Pierre Pestieau
Les Anglais ont de tous temps appelé
leurs droits de
succession un impôt pour les stupides, l’idée étant qu’avec une
bonne ingénierie fiscale et une masse critique de patrimoine on pouvait y échapper
totalement Il conviendrait de s’interroger sur les sens ambigus du mot
‘stupide’ : ignorant, honnête, naïf. En l’occurrence, on pourrait choisir
de passer pour stupide. C’est comme dans le fameux Diner des cons, à la fin duquel on préfèrerait être rangé parmi les
cons. Pour revenir à notre sujet, au Royaume Uni comme dans les pays où ils
continuent à exister, les droits de succession sont devenus un impôt pour les
classes moyennes. Les pauvres sont par définition en dessous de la base
imposable et les riches s’arrangent pour ne pas les payer. Aujourd’hui la plupart
des citoyens ont la nette impression que la stupidité est contagieuse en s’étendant
à toutes les autres formes d’impôts.
La vie ou l'évasion fiscale |
Quand on voit les révélations récentes qui ont nom Luxleaks et Swissleaks,
on s’aperçoit que les gouvernements et les grandes banques organisent de façon
éhontée l’évasion fiscale pour les non-stupides. Le Luxembourg est accusé d’encourager l’évasion fiscale en permettant à 340 multinationales de minimiser leurs impôts par
des accords fiscaux secrets. Ces révélations ont fait réagir vivement de nombreux pays. Pourtant le Grand-Duché
n’est pas le seul à mettre en place cette forme de mécanismes. La Belgique, avec ses intérêts notionnels, son traitement favorable
des donations entre vifs et son système de décisions anticipées (rulings), n’est-elle pas aussi un paradis fiscal ? Le traitement des donations permet a des
étrangers riches de s’installer quelques années en Belgique et de liquider au bénéfice
de leurs héritiers l’essentiel de leur patrimoine avant de regagner la mère
patrie. On a assez parlé des intérêts notionnels, dont les principaux
bénéficiaires sont les grosses firmes étrangères. Enfin le système des rulings
permet aux contribuables et aux candidats investisseurs d’obtenir une décision
anticipée et souvent extrêmement favorable portant sur l’application des lois
fiscales aux opérations et aux situations qu'ils envisagent. Cette décision
anticipée engage juridiquement l'administration vis-à-vis du contribuable et
est valable pour 5 ans.
Comment expliquer cette situation insupportable?

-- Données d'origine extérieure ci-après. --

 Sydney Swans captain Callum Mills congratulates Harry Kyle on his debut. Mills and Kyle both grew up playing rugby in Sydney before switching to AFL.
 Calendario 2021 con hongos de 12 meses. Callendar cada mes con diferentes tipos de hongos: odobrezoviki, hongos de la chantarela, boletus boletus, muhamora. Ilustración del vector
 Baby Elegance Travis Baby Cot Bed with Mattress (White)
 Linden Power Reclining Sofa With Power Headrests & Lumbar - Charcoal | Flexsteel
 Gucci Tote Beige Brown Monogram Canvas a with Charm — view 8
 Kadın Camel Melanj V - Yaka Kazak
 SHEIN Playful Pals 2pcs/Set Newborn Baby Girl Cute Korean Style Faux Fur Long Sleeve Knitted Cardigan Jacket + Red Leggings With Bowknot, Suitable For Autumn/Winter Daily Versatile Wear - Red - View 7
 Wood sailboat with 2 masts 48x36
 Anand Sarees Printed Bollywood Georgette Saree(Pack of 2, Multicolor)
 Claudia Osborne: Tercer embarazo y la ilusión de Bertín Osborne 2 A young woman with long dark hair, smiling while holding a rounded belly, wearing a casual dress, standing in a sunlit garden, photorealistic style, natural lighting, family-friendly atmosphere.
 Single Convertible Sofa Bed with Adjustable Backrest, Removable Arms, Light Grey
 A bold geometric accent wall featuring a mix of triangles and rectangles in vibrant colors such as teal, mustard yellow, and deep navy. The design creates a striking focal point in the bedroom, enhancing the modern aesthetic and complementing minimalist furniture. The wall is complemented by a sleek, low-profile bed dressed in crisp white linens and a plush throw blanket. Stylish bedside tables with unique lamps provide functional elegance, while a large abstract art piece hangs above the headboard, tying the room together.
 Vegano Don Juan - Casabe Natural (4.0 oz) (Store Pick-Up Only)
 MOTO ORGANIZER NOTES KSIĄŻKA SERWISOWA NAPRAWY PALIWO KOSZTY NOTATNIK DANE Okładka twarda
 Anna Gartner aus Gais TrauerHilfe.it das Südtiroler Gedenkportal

D’abord on entend souvent parler de la complexité du système fiscal dans un
monde ouvert et peuplé de paradis fiscaux. C’est sans doute vrai ; on peut
parier que la plupart de nos ministres des finances n’y comprennent que dalle. Ensuite,
on invoque la course sans fin entre fraudeurs et évadés et les autorités
fiscales nationales. Les premiers auraient toujours une longueur d’avance sur
les secondes. Enfin, on ne peut s’empêcher de penser qu’il existe une certaine connivence
entre les milieux politiques, la médiacratie et le monde des grands fraudeurs.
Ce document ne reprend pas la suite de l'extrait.